*** The data ***

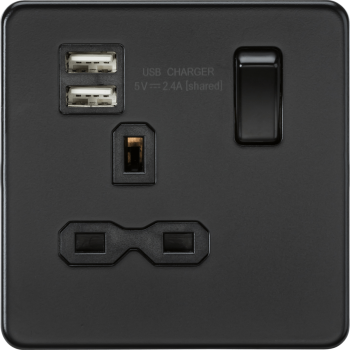Knightsbridge Screwless Matt Black 13A 1 Gang Switched Socket with Black Inserts and Dual USB Charger (2.4A)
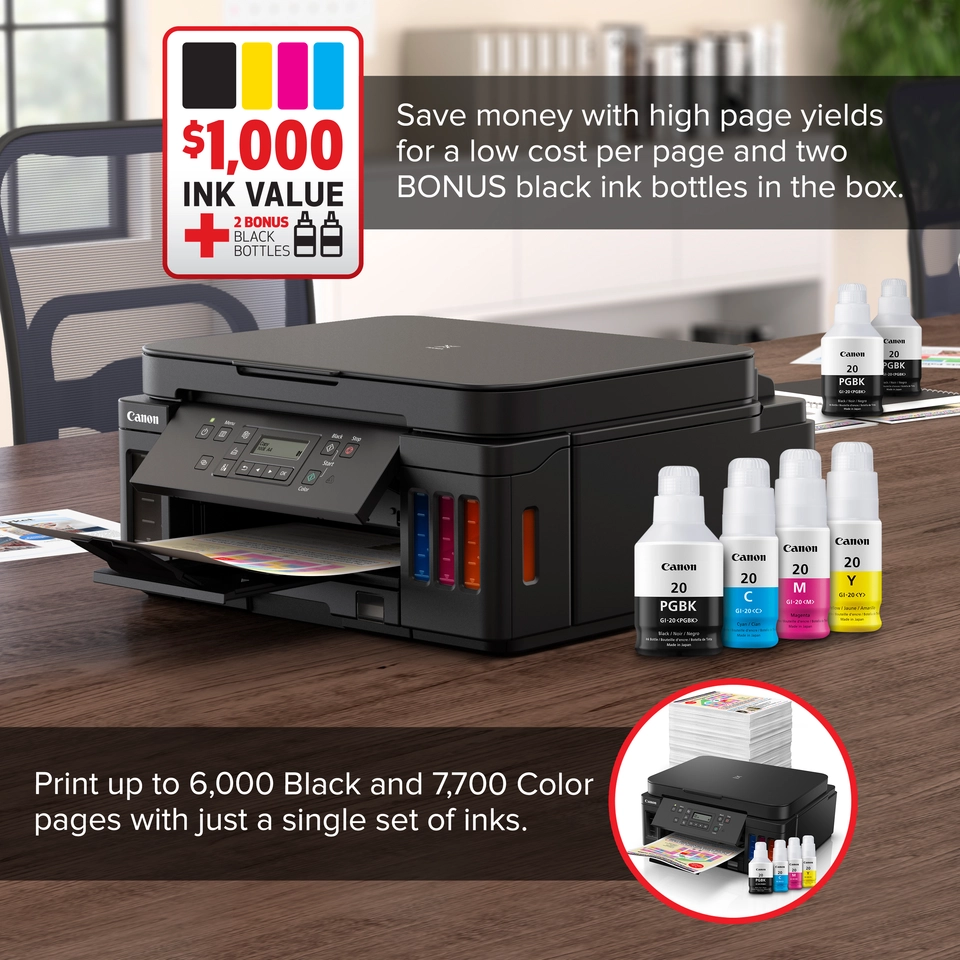 Canon PIXMA MegaTank G6020 Wireless Color All-In-One Supertank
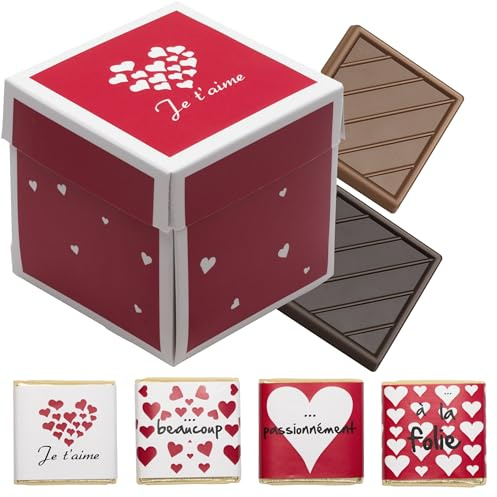 Coffret de 40 Carrés de Chocolats Individuels Lait & Noir JE T'AIME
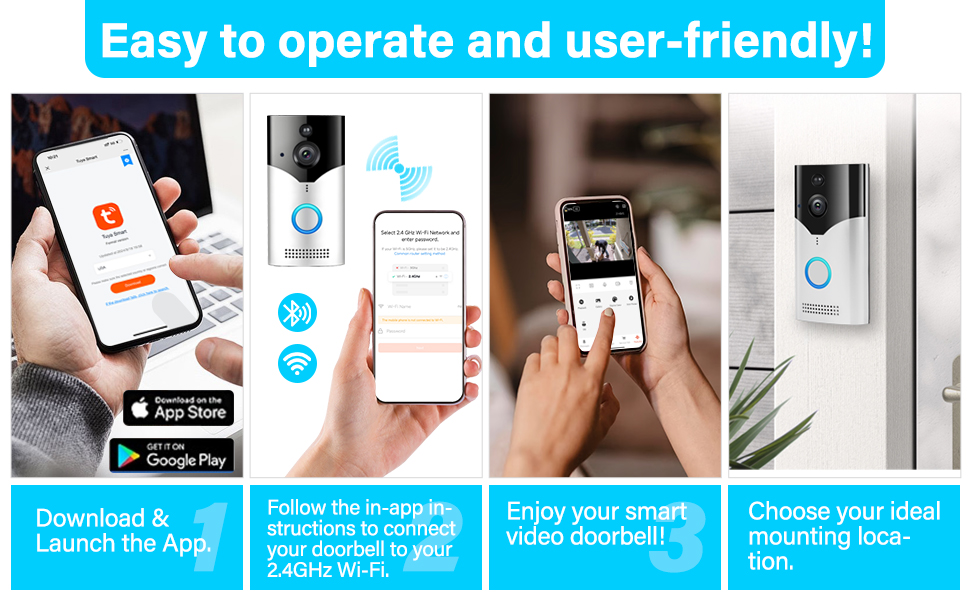 video doorbell wireless door bell home family doorbells 2.4g wifi night vision two way audio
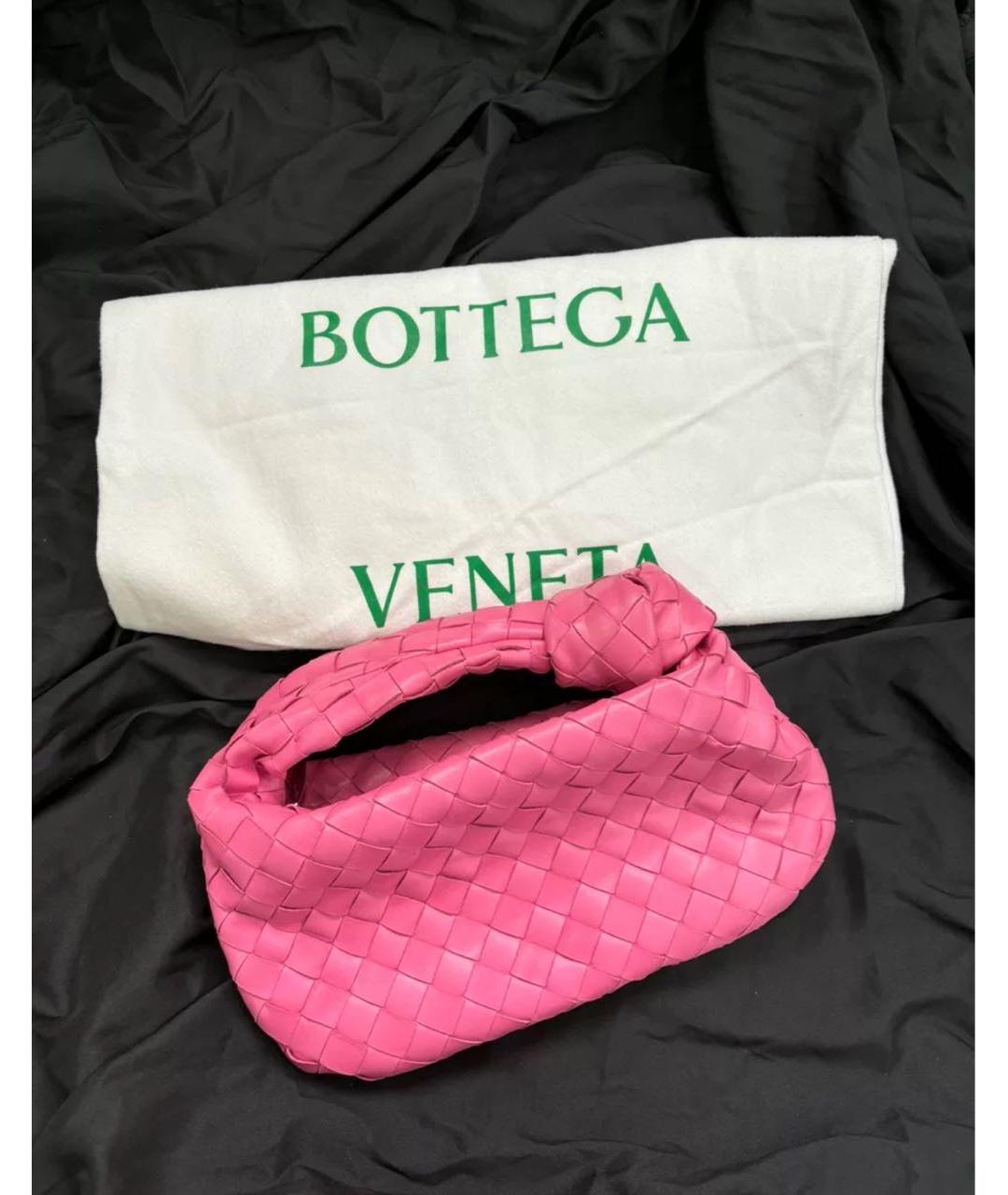 BOTTEGA VENETA Розовая кожаная сумка с короткими ручками, фото 8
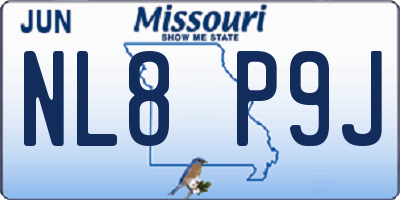 MO license plate NL8P9J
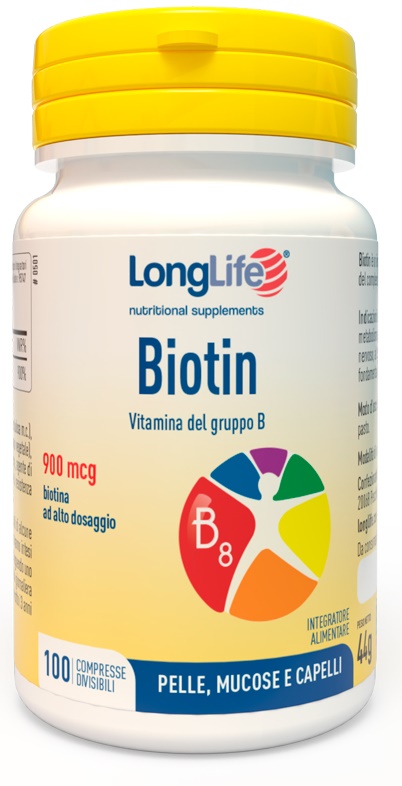 LONGLIFE BIOTIN 900 MCG 100 COMPRESSE - Farmastop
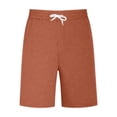 thumbnail image 5 of lcziwo Men Shorts with Pockets Twill Summer Holiday Elastic Waist Trunks Camping Fishing Outdoor Drawstring Dress Shorts Orange XXL, 5 of 10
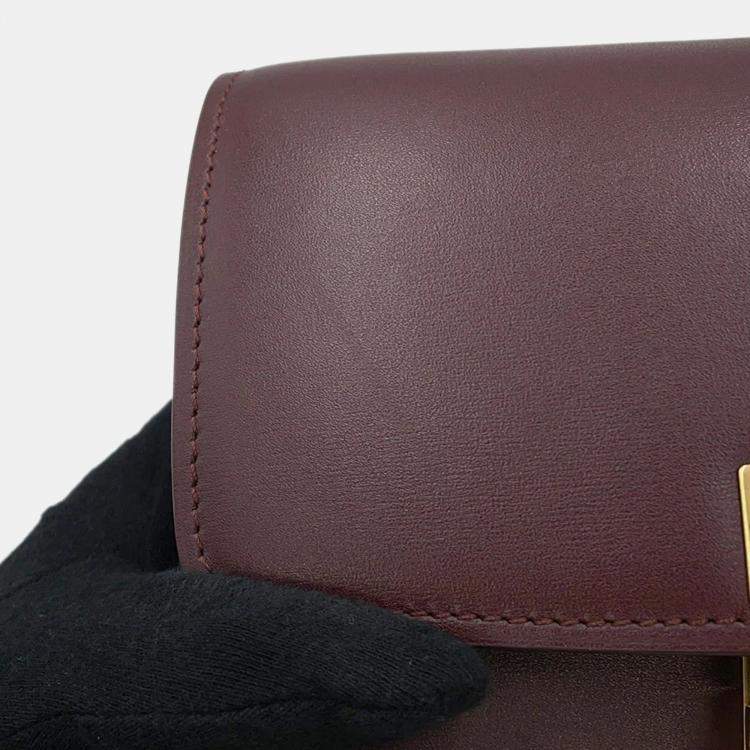 Pre Owned Celine Classic Box Small Bordeaux Leather Shoulder Bag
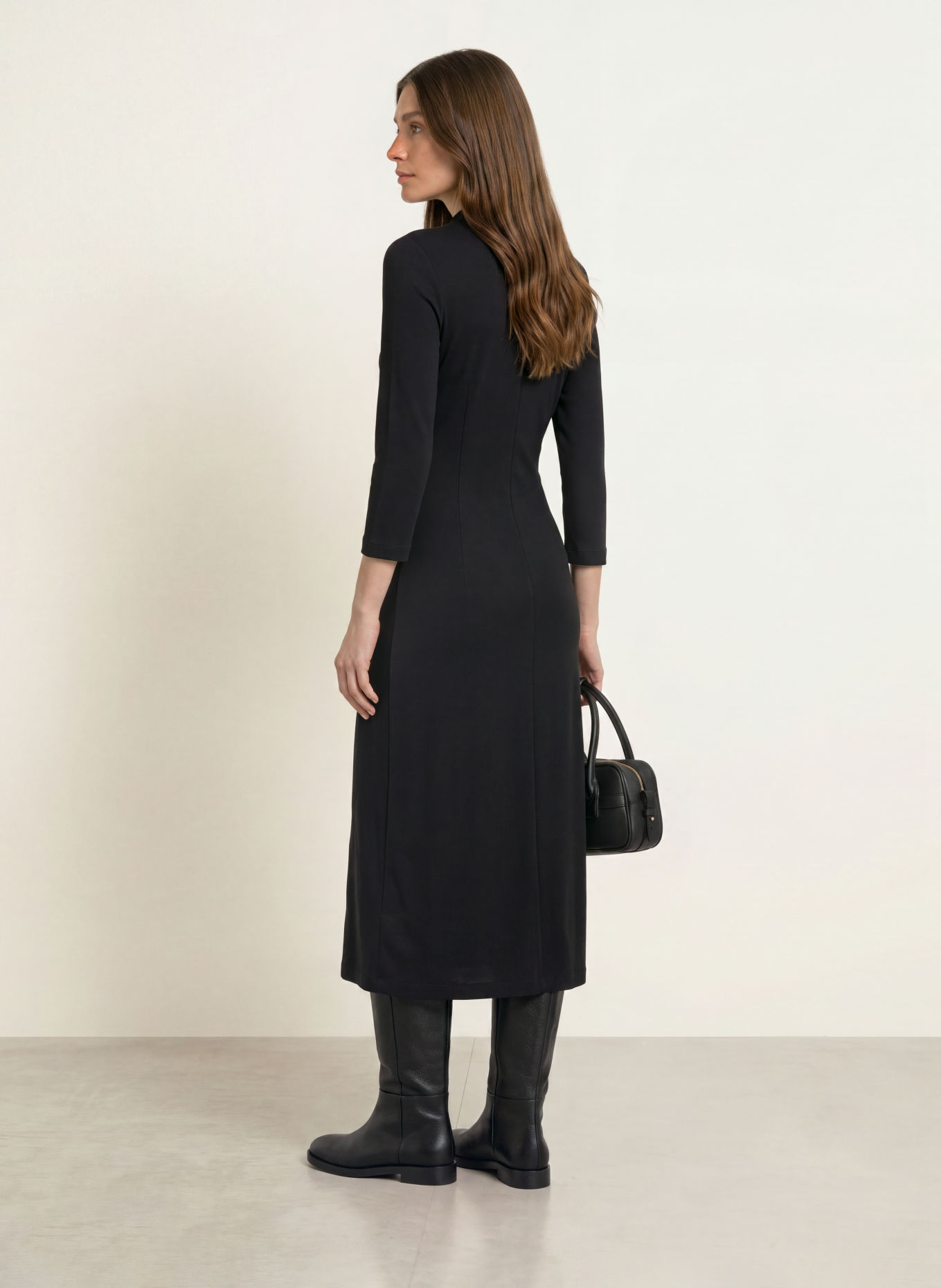 PESERICO Jerseykleid mit 3/4-Arm: SCHWARZ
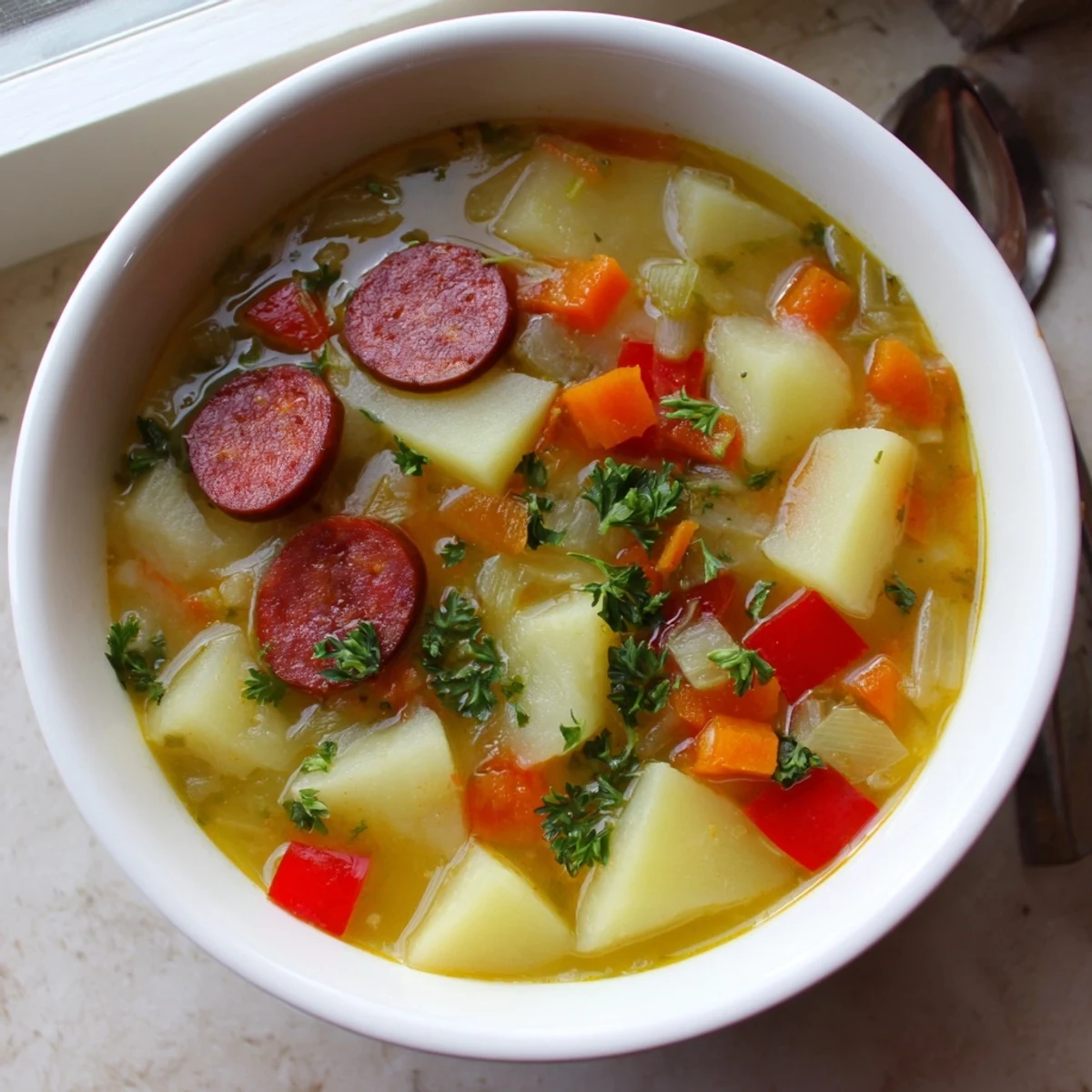Comforting Spanish Potato Soup with Chorizo served in a ceramic bowl, paired with crusty bread for a hearty meal.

*** End of The data ***

Work instructions:
Print each record exactly as it stands, leaving the images out.

Task output:
Knightsbridge Screwless Matt Black 13A 1 Gang Switched Socket with Black Inserts and Dual USB Charger (2.4A)
 Canon PIXMA MegaTank G6020 Wireless Color All-In-One Supertank
 Coffret de 40 Carrés de Chocolats Individuels Lait & Noir JE T'AIME
 video doorbell wireless door bell home family doorbells 2.4g wifi night vision two way audio
 BOTTEGA VENETA Розовая кожаная сумка с короткими ручками, фото 8
 MO license plate NL8P9J
 LONGLIFE BIOTIN 900 MCG 100 COMPRESSE - Farmastop
 thumbnail image 5 of lcziwo Men Shorts with Pockets Twill Summer Holiday Elastic Waist Trunks Camping Fishing Outdoor Drawstring Dress Shorts Orange XXL, 5 of 10
 Pre Owned Celine Classic Box Small Bordeaux Leather Shoulder Bag
 PESERICO Jerseykleid mit 3/4-Arm: SCHWARZ
Comforting Spanish Potato Soup with Chorizo served in a ceramic bowl, paired with crusty bread for a hearty meal.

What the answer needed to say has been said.